Exposing Legal Immunity, Enabling Real Reform
For nearly three decades, Section 230 of the Communications Decency Act has served as a legal shield for tech companies, online platforms, and digital publishers, granting them broad immunity for illegal, harmful, and abusive content hosted on their platforms. This single statute has become one of the most dangerous enablers of corruption in modern American law.
Originally written in 1996 to help early internet providers moderate user content, Section 230 is now abused by billion-dollar corporations to avoid responsibility for defamation, impersonation, child exploitation, cyberstalking, and more. They profit from destruction, while those harmed have no path to justice.
A Broken Law with Real Victims
Under Section 230, platforms are protected even after being directly notified of illegal conduct, even when that conduct includes:
- Defamatory impersonation of real people
- Publishing child nudity and explicit materials
- Spreading death threats, harassment, and leaked personal information
- Destroying reputations and businesses while refusing to identify perpetrators
The result? You can be stalked, impersonated, harassed, defamed, or exploited online, and no one can be held accountable. Your only option is silence or suffering.
This isn’t theoretical. It’s happening to people right now — including the founder of this site, whose real legal case has reached the United States Supreme Court after years of being denied justice due to Section 230 immunity.

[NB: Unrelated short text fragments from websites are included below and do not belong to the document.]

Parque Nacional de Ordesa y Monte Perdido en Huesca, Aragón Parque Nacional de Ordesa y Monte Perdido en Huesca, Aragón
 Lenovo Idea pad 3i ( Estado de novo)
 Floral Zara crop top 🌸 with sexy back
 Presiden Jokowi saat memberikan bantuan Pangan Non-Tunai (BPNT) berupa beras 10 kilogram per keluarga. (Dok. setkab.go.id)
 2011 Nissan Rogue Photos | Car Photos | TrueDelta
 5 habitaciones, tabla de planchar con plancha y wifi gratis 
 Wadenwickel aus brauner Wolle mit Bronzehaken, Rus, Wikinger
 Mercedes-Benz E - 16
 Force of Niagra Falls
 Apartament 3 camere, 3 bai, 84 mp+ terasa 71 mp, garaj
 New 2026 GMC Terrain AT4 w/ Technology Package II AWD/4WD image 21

Section 230 Enables Systemic Corruption
- No accountability for platforms. Tech companies knowingly host criminal content and hide behind 230. They refuse takedowns, block victims, and defy law enforcement requests — all with legal protection.
- No recourse for victims. Victims of stalking, impersonation, leaked nudes, child exploitation, fraud, or harassment have no legal remedy. Civil suits are dismissed. Police and federal agencies are powerless to act.
- No incentive to fix it. Platforms have no reason to build proper safety tools or investigate abuse. Why would they? They can’t be sued — and they’re making money from the clicks.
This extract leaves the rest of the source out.